In Saudi Arabia, the rebels' leading regional sponsor, Foreign Minister Saud al-Faisal called for 'a decisive and serious stand by the international community to stop the humanitarian tragedy of the Syrian people.'
Also, fears of international conflict hit some financial markets, notably in neighbouring Turkey, as well as emerging economies that could be hit hard by a chill in world trade.
But Israelis have been claiming state-issued gas masks in case Syria responds to a Western attack by firing missiles at Israel, as Saddam did in 1991. Prime Minister Benjamin Netanyahu promised to 'respond forcefully' to any attempt to target it.
Ahmad Jarba, president of the Syrian National Coalition, met envoys from 11 states in the Friends of Syria group, including Robert Ford, the U.S. ambassador to Syria, at an Istanbul hotel.
Also, a report by Agence France Presse (AFP) confirmed that Syria's opposition expects a Western military intervention against al-Assad's regime within days and has been consulted over targets, one of its officials said yesterday.
'There is no precise timing … but one can speak of an imminent international intervention against the regime.

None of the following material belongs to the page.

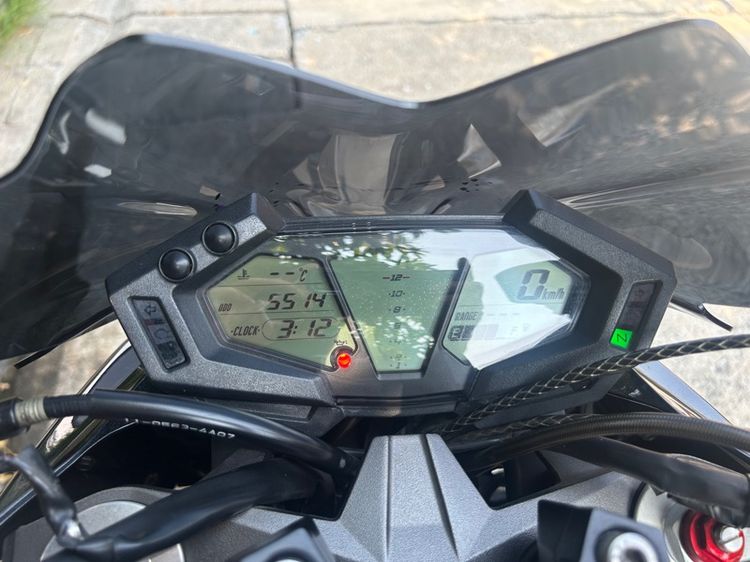 kawasaki Z800 รูปที่ 9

It's a question of days and not weeks,' said Ahmad Ramadan, a Syrian National Coalition political committee member.
Ramadan said airports, military bases and arms depots would be targeted.
But Iran's Defence Minister Hossein Dehqan warned Tuesday that any Western military action against Tehran-ally, Syria, would threaten the stability and security of the region.
'In case of military action against Syria, the region's security and stability will be threatened,' Dehqan told the official IRNA news agency.
'This definitely will not be in the interest of those fanning violence,' the brigadier general said, referring to Western backers of rebels fighting Syrian President Bashar al-Assad's regime.
Vatican's official daily and mouthpiece yesterday criticised global powers for preparing possible military action against Syria despite an ongoing United Nations (UN) investigation into an alleged chemical weapons attack near Damascus.
'The tones are becoming ever more drastic and the action being taken by the United Nations appears subjected to a sort of crossfire,' the newspaper said.
'Various international actors appear no longer to consider the investigation a determining factor,' it said, adding that 'what commitment there was' to a negotiated settlement 'appears to be dying out'.
The Vatican's permanent observer at the United Nations in Geneva, Monsignor Silvano Tomasi, last week cast doubt on the Syrian regime's responsibility for the apparent chemical attack in the suburbs of Damascus.